3.1 Il secondo e il terzo motivo di ricorso, che stante la loro evidente connessione possono essere trattati congiuntamente sono infondati.

Il Tribunale ha riportato le dichiarazioni del ricorrente e le ha valutate esaurientemente, evidenziando che le ragioni della partenza del richiedente erano legate a motivazioni puramente economiche.

Il ricorrente contesta il mancato accoglimento della domanda di protezione sussidiaria e umanitaria senza tuttavia compiere quello sforzo di allegazione e di dimostrazione che rende rilevante e pertinente il richiamo alle norme e alla giurisprudenza che definiscono il contenuto e i presupposti per le due forme della protezione richiesta. Non vi è infatti nella prospettazione e illustrazione dei due motivi alcun riferimento alla situazione personale del ricorrente tale da poterla collegarla significativamente alle criticità del paese di provenienza. Sia per ciò che concerne la protezione sussidiaria, il D.Lgs. n. 251 del 2007, ex art. 14, che per ciò che concerne la protezione umanitaria, il D.Lgs. n. 286 del 1998, ex art. 5, comma 6, la domanda del ricorrente non può prescindere da una prospettazione della situazione personale che renda percepibile e plausibile una condizione di rischio grave o di vulnerabilità ricollegabile alla situazione del paese di provenienza. Come lo stesso ricorrente rileva, citando la giurisprudenza della Corte di Giustizia UE, una eccezione a tale principio può ritenersi ammissibile solo se risulti esistente nel paese di origine una situazione di violenza indiscriminata così diffusa da costituire un grave rischio per qualsiasi civile che si trovi a vivere o soggiornare in loco.
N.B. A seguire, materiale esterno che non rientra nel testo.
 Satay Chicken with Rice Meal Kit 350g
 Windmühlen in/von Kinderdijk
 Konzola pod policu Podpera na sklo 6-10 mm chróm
A giudizio del Tribunale non è questo il caso del Bangladesh, non essendovi una situazione di conflitto armato nè una situazione di violenza indiscriminata di alta intensità. Correttamente quindi il Tribunale ha ritenuto che la vicenda narrata dal ricorrente non avesse a che fare con l’esposizione al rischio contemplato dall’art. 14, nè che integrasse comunque una condizione di vulnerabilità. Anche con riguardo alle deduzioni circa la condizione di povertà del Bangladesh il riferimento alla vicenda personale non consente di ritenere, secondo la valutazione del Tribunale, che la situazione personale del richiedente si differenzi da quella che condividono larghe fasce di popolazione bangladese senza che possa affermarsi una privazione della dignità personale derivante dalla scarsità delle opportunità di lavoro.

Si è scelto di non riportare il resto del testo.